» TRY IT: Leaving out the pictures, retype the lines from the beginning of the listing through the line containing "women's, blue, black".
═════ GIVEN RECORDS
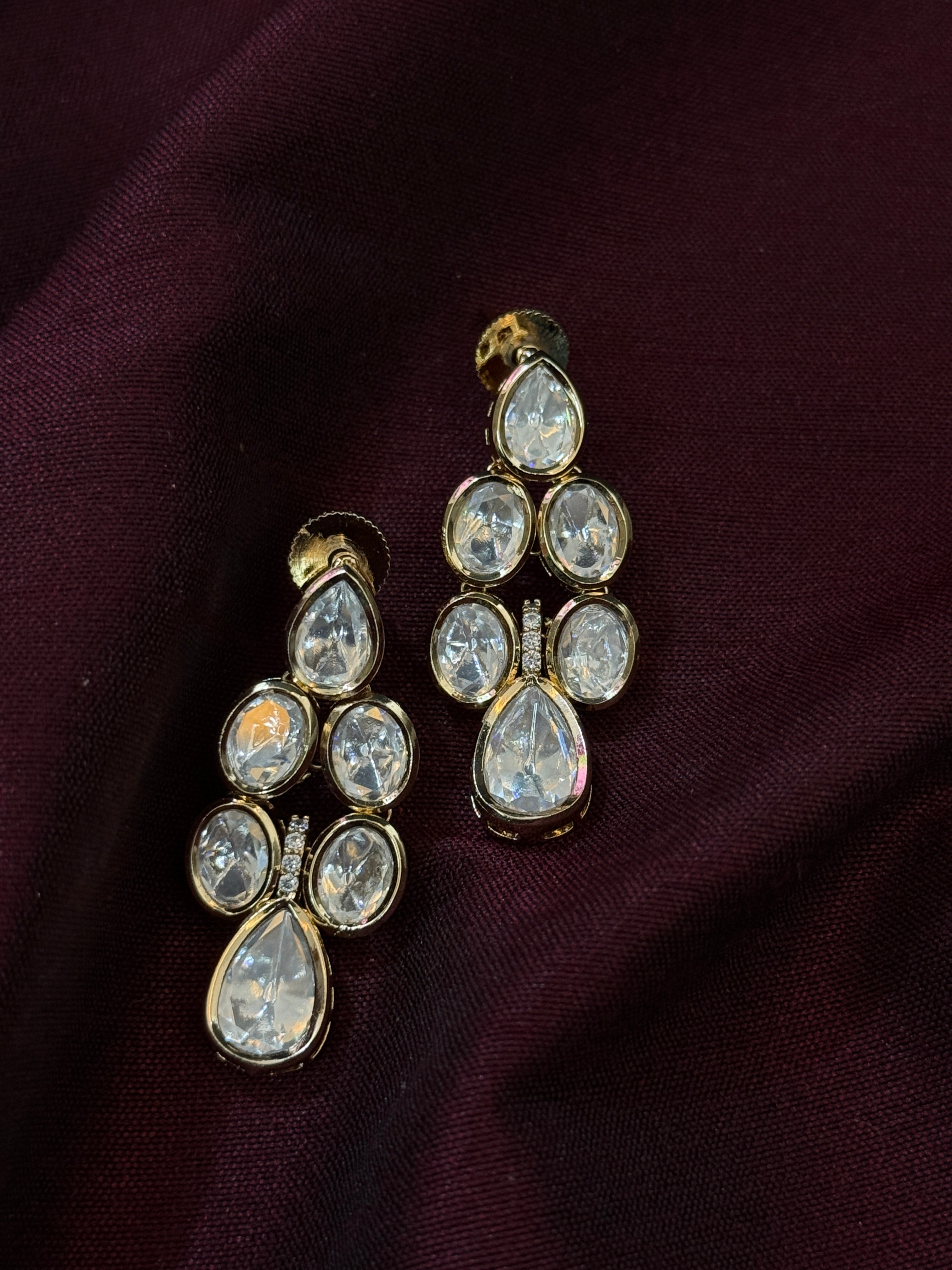 Regal Aura Moissanite Polki Gold Finish Necklace Set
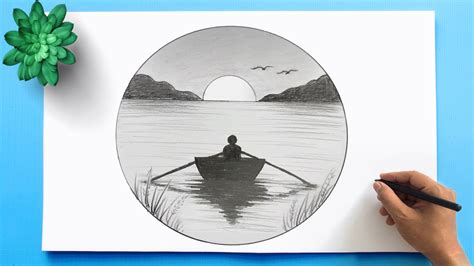 Scenery Drawing in a circle || Draw a simple Landscape - Easy Pencil Sketch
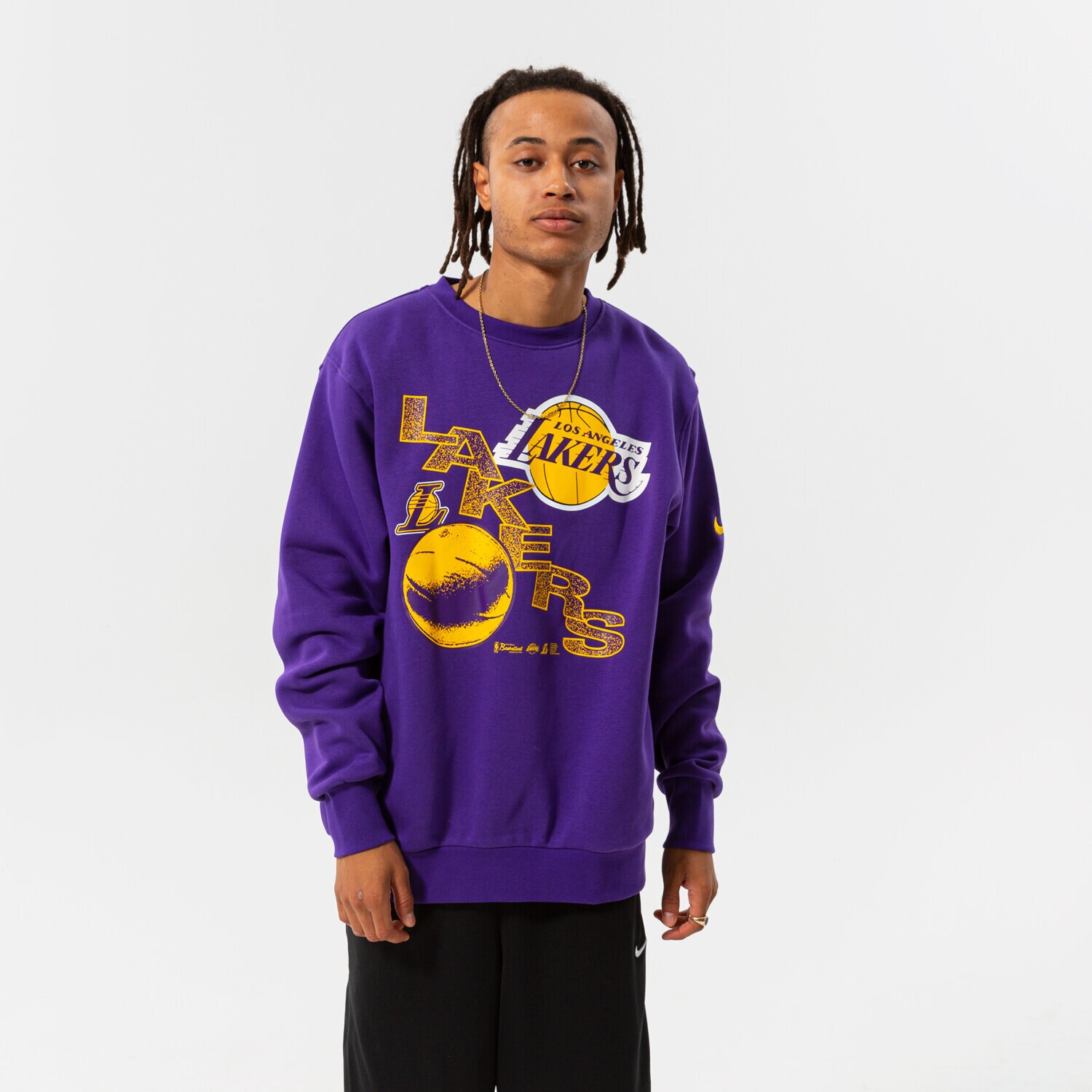 Moški pulover NIKE JOPICA LAL M NK CREW FLC CTS TEAM NBA DH9438-504 vijolična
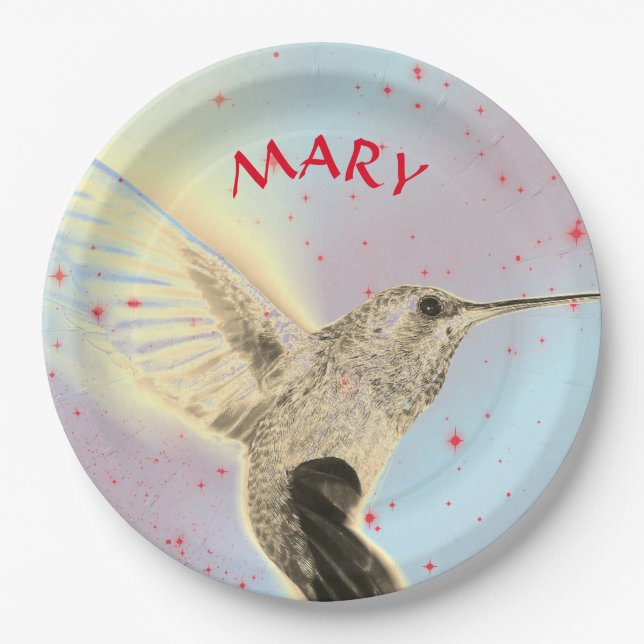 HUMMINGBIRD IN FLIGHT WITH CUSTOM NAME PAPER PLATES (Front)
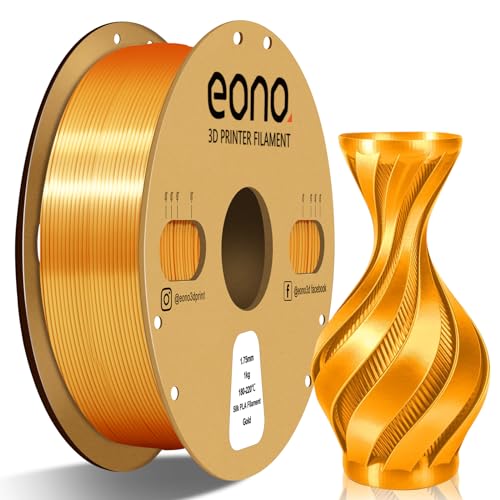 EONO Silk PLA Filament 1.75 mm für 3D Drucker Shiny Hochglanz 3D Drucker Filament 1,75 PLA 1kg(2,2lbs), Maßgenauigkeit +/- 0.03mm, Silk Gold von Eono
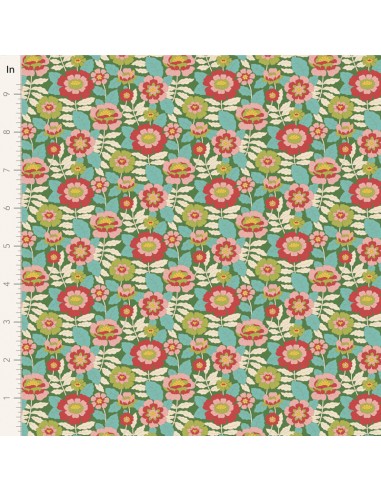 Tilda Wallflower Beverly Green, Tessuto Verde Campo di fiori Tilda Fabrics - 1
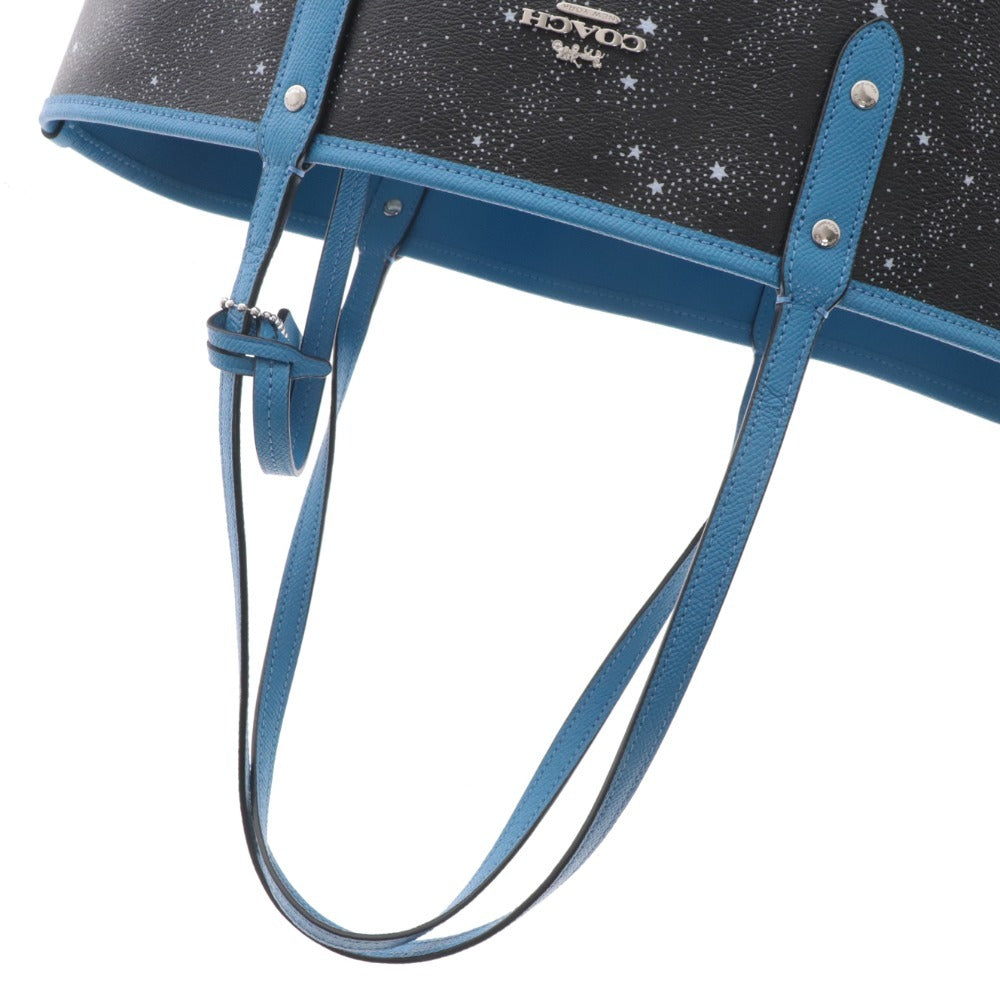 ■ Coach tote bag, reversible, with pouch, star, women's, blue, black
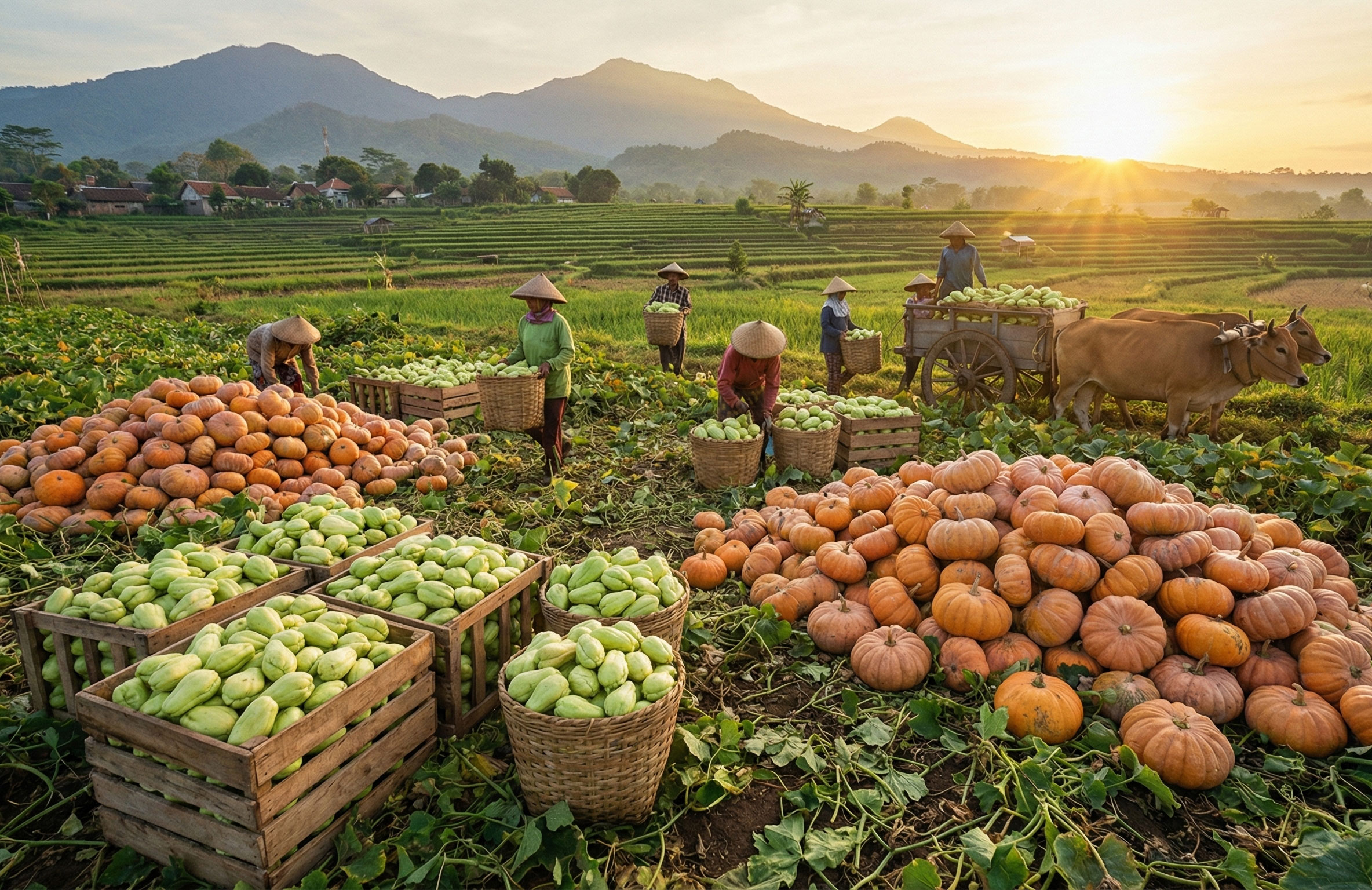 Panen Waluh dan Labu Siam Melimpah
══════════
» ANSWER TO THIS PROBLEM:
 Regal Aura Moissanite Polki Gold Finish Necklace Set
 Scenery Drawing in a circle || Draw a simple Landscape - Easy Pencil Sketch
 Moški pulover NIKE JOPICA LAL M NK CREW FLC CTS TEAM NBA DH9438-504 vijolična
 HUMMINGBIRD IN FLIGHT WITH CUSTOM NAME PAPER PLATES (Front)
 EONO Silk PLA Filament 1.75 mm für 3D Drucker Shiny Hochglanz 3D Drucker Filament 1,75 PLA 1kg(2,2lbs), Maßgenauigkeit +/- 0.03mm, Silk Gold von Eono
 Tilda Wallflower Beverly Green, Tessuto Verde Campo di fiori Tilda Fabrics - 1
 ■ Coach tote bag, reversible, with pouch, star, women's, blue, black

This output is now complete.